The Andhra Pradesh and Telangana High Court in an order dated 13th April, rejected the plea by four clubs from Andhra Pradesh and Telangana, seeking non-interference from the police.
A single judge bench of the High Court comprising of Justice A Ramalingeswara Rao dismissed the petitions filed by MLAS’ Colony Residents Welfare and Cultural Association, Hyderabad, Advocates’ Recreation Club, Karimnagar, Navodaya Sports and Cultural Association and ABS Town Hall as there was no real evidence of any harassment by the police, but the clubs had merely filed the plea based on apprehension of unnecessary interference.
The police interestingly claimed that rummy is not a total game of skill and involves an element of chance, a stand at variance with Supreme Court and High Court judgments.
Justice Rao, agreed with the assertion of the police that whether games of skill or other games are being played at clubs can be ascertained only when the police is given the right to enter the premises of rummy clubs in accordance with the Andhra Pradesh Gaming Act, 1974.
The judge in his order noted, “It is difficult for anyone to say what is happening inside the premises. When the fish is in water it is commonly said that it is difficult to prove whether fish is drinking water or not.
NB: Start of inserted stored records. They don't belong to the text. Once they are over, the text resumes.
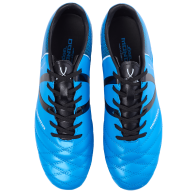 БЕЗ УПАКОВКИ Бутсы футбольные JOGEL Mondo FG Blue/black - БЕЗ УПАКОВКИ Бутсы футбольные JOGEL Mondo FG Blue/black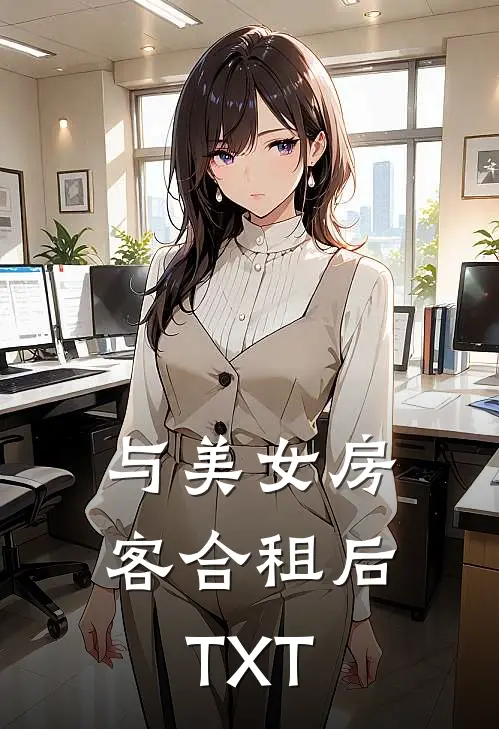 与美女房客合租后TXT
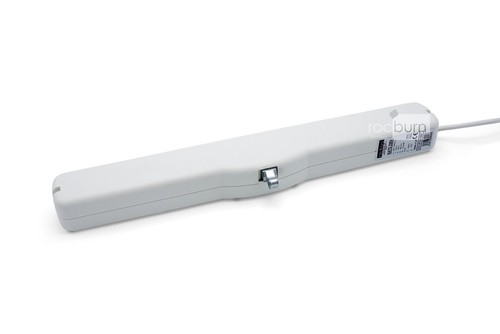 Electric window opener - window, 230v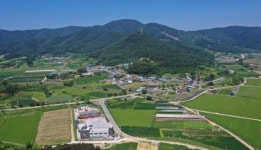 순창군, 피노마을 “아름다운 주거경관 개선사업” 시작!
In such circumstances, the better option for the Courts is to apply the law only whenever the cause of action arises on the facts of a particular case in the light of the provisions of the Act, but not on mere apprehension, assertions and denials.”
The judge also indicated his disagreement with a 2015 order of the same court as well as earlier precedents, where directions were issued to the police to not interfere in the game of rummy, irrespective of whether it was played for stakes or otherwise.